Boeing's Phantom Eye made its first flight last June at EDW (Edwards AFB, Edwards CA). It is one of the first practical high-altitude long-endurance (HALE) drones. While the twin-engine, liquid-hydrogen-powered craft remained aloft for just 28 min, it is designed to loiter at altitudes up to 65,000 ft for up to 4 days without refueling.

Global Observer is a HALE competitor from AeroVironment in Monrovia CA. Chairman & CEO Tim Conver calls it a "stratospheric geosynchronous satellite system." Two of the UAVs, each flying a week at a time, could provide 24/7 surveillance of any location on Earth at much less cost than a satellite. Other possible missions include communications relay, border patrol and remote sensing.

However, the prize for longest endurance is likely to go to one of the Zephyr solar-electric-powered UAVs being developed by QinetiQ, headquartered in Farnborough, England. In Jul 2010, a Zephyr flying over the US Army's Yuma Proving Ground in Arizona remained in the air for more than 336 hrs—14 nights—at an altitude of 70,714 ft.

In another test, it was flown on autopilot and by satellite communications. With slender wings up to 40 ft long and covered with solar cells, the Zephyr is expected eventually to remain aloft for up to a month at a time. QinetiQ is scheduled to deliver 7 Zephyrs and 1 ground station by May 2014.

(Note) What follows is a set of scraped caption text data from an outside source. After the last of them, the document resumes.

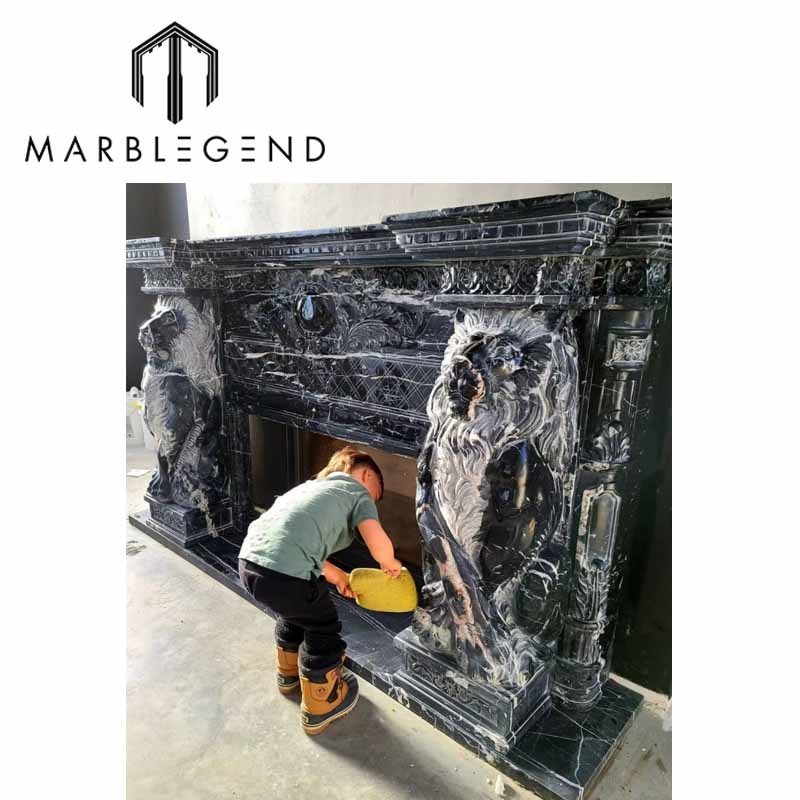 Hand Carve New Design Nero Margiua Black Marble Fireplace Surround And Fireplace Mantel Marble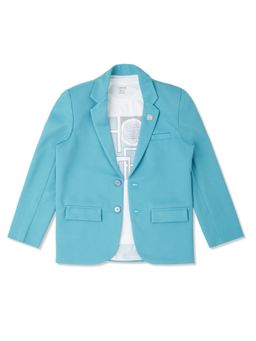 CAVIO - Turquoise Boys Regular Fit Plain Party Wear Blazer and T-Shirt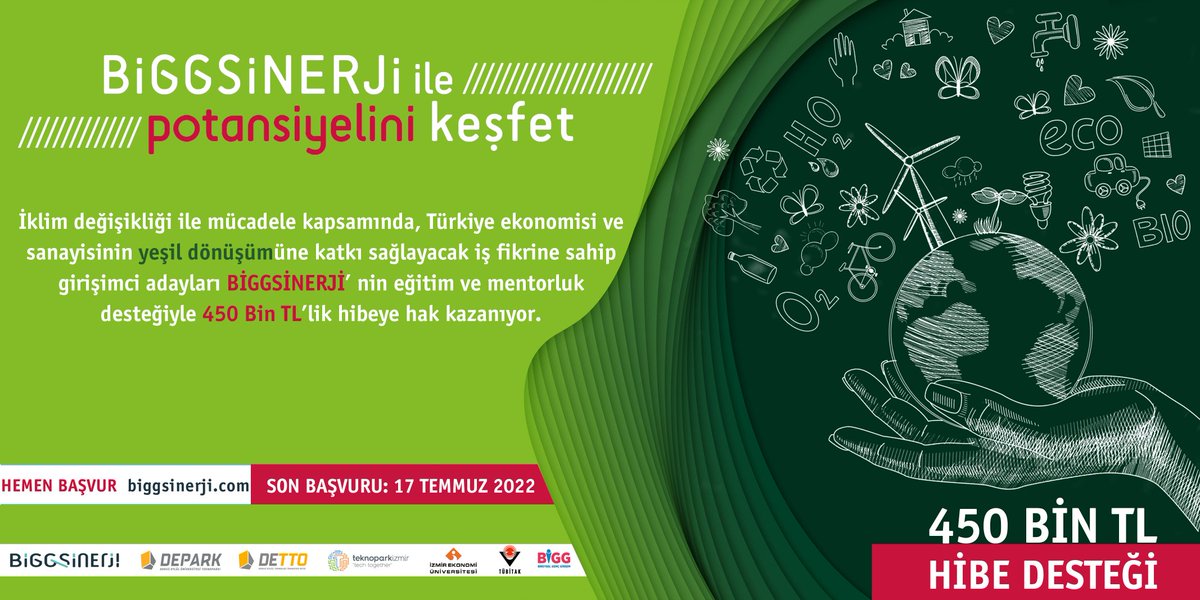 İklim değişikliği ile mücadeleye, ekonomi ve sanayide yeşil dönüşüme katkı verecek iş fikirlerini destekleyen Bigg Yeşil Büyüme çağrısı başvuruları başladı. 🌳♻️🌳 Başvuru için biggsinerji.com #biggsinerji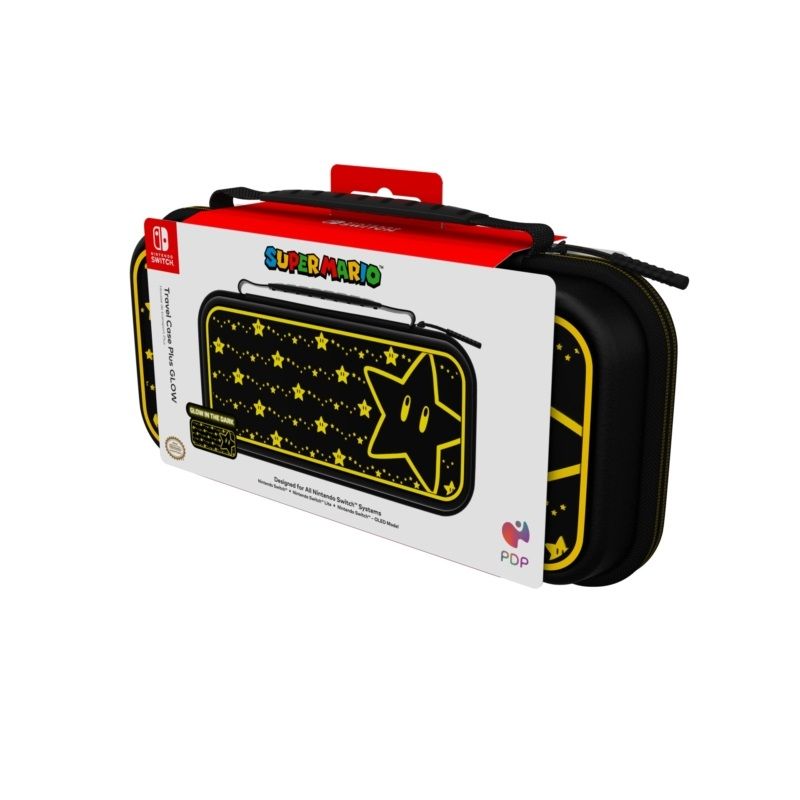 PDP Plus Glow Nintendo Switch/Lite/OLED Super Star Glow in the Dark Case Black/Yellow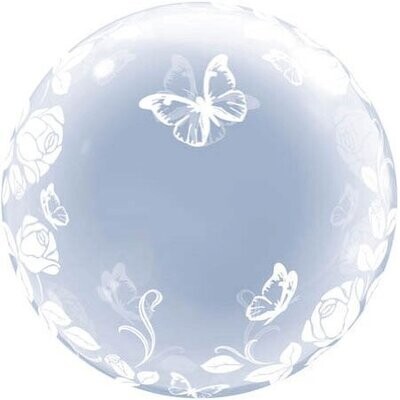 Plastic Decoration Bubble-Clear Butterflies-1pkg-24&quot;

These drones are as much an economic breakthrough as a technological one, notes Teal Group Dir Corporate Analysis Philip Finnegan. "Phantom Eye and Global Observer are expressions of this desire to introduce revolutionary technology that will make UAVs considerably cheaper by increasing their endurance," he comments.

The aerospace industry's commitment to pilotless flight is likely to pay off in the near future, Finnegan believes. "Teal Group sees a strong UAV market over the next decade with procurement of $43.4 billion [worth] of UAVs ... from 2012–21. The US, with $21.8 billion of purchases, will represent almost half of that market. Yet that market continues to be dominated by expensive military drones with very little threat generally to pilots other than the purchase of a small number of UCAVs that will occur very late in the forecast period."